From grief to hope, how rapid the change was! What a flood of happiness poured into my soul, and glowed in my whole being! Landlord, more port! Would honest Jack have drunk a binful I would have treated him; and, to say truth, Jack’s sympathy was large in this case, and it had been generous all day. I decline to score the bottles of port: and place to the fabulous computations of interested waiters, the amount scored against me in the reckoning. Jack was my dearest, best of brothers. My friendship for him I swore should be eternal. If I could do him any service, were it a bishopric, by George! he should have it. He says I was interrupted by the watchman rhapsodising verses beneath the loved one’s window. I know not. I know I awoke joyfully and rapturously, in spite of a racking headache the next morning.

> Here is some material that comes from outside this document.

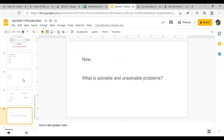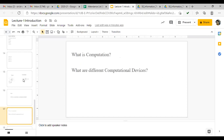So, solvable problems are problems that have a definitive solution — the solution may be negative or positive. A negative solution means there is a proof that the problem cannot be solved. That is what we call a solvable problem. Now coming to the next part — what is computation and what are different computational devices?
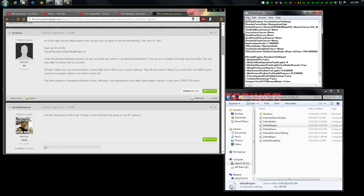Handy little guide — should make your game a little sharper and get you some more frames per second. So hey, everybody's happy, right? Alright guys, take it easy.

Nor did I know the extent of my happiness quite, or the entire conversion of my dear noble enemy of the previous morning. It must have been galling to the pride of an elder man to have to yield to representations and objections couched in language so little dutiful as that I had used towards Mr. Lambert. But the true Christian gentleman, retiring from his talk with me, mortified and wounded by my asperity of remonstrance, as well as by the pain which he saw his beloved daughter suffer, went thoughtfully and sadly to his business, as he subsequently told me, and in the afternoon (as his custom not unfrequently was) into a church which was open for prayers. And it was here, on his knees, submitting his case in the quarter whither he frequently, though privately, came for guidance and comfort, that it seemed to him that his child was right in her persistent fidelity to me, and himself wrong in demanding her utter submission. Hence Jack’s cause was won almost before he began to plead it; and the brave, gentle heart, which could bear no rancour, which bled at inflicting pain on those it loved, which even shrank from asserting authority or demanding submission, was only too glad to return to its natural pulses of love and affection.